Saturday, April 03, 2010

Chinese Post Graduate Interviews

Several seniors have come to the Tree House to ask for advice about their post graduate interview. They passed the written portion of the post graduate exam and now just have to pass the oral interview.

As an American, when I hear the word interview, the image that comes to mind is one person asking a lot of questions and the other person answering trying to impress the other and sell themselves.

In China, I am not sure what a post graduate interview is.

The students also do not know.

Student: Can you help me write my introduction?

Me: How long does it have to be?

Student: Don't know 10 minutes?

Me: How long is the interview?

Student: Maybe 20-30 minutes?

Me: What do you want to tell the interviewers?

Students: My background, age, name, why I want to go to graduate school. I am a hard worker and a good student.

Me: Is it a speech? Will the interviewer interrupt you?

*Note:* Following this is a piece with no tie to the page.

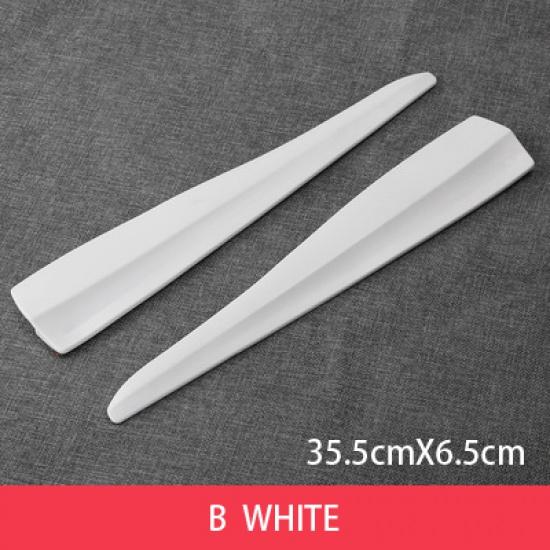 2 шт., защитная полоса для переднего и заднего бампера автомобиля, резиновая наклейка от царапин, черно-белая карбоновая универсальная клейкая лента для губ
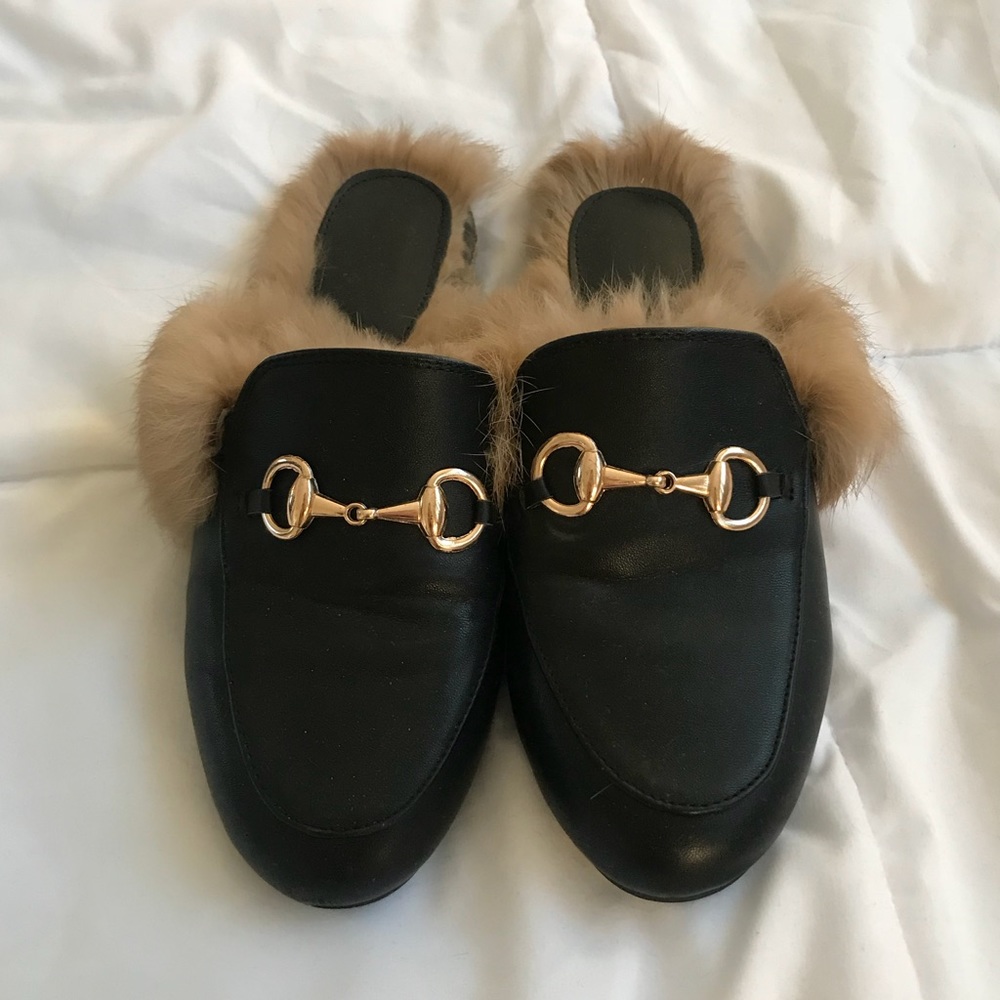 faux leather loafers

Students: No. I don't think so. I think they will ask questions after my introduction.

Me: What kind of questions?

Students: I don't know but I am really nervous that they will ask me general knowledge questions that I don't know the answer to.

I am not the right person to be giving the students advice about a post graduate interview that neither of us have any experience with.

Reading their introduction speeches makes me think about an English speech competition. Whoever does the best 10 minute speech, will win. Most of the speeches are exactly the same, flowery words saying nothing specific, general adjectives that can describe every student I know. "I am a diligent, hard-working, dedicated girl who has perseverance. I want to further my education to better myself and gain knowledge."

The winners of speech competitions are the ones who catch the judges ears by their presentation skills plus their English pronunciation and fluency abilities not by what they are actually saying especially since most of them are saying the same thing.

I wonder is that how they pick the post graduate candidates, presentation and English skills rather than the content of their introduction speech?

3 comments:

Katie said...

Jen...
I've been invited to Peace Corps China, leaving June 2010. I am also Asian American and adopted, although racially Korean. I love this post. I look forward to meeting you sometime this year.

王美安 said...

Welcome to China.... if you have any questions feel free to ask. Since I am staying for a third year with PC China,we might actually run into each other, never know. Enjoy your last few months at home.

王美安 said...

According to a PCV at a different university, based on information his students have given him he believes that the introduction speeches are only supposed to be 2-3 minutes. Then there will be three major questions: 1. Why do you want to do post-graduate work? 2. Why do you want to attend this university? 3. Why are you a good candidate for post graduate studies?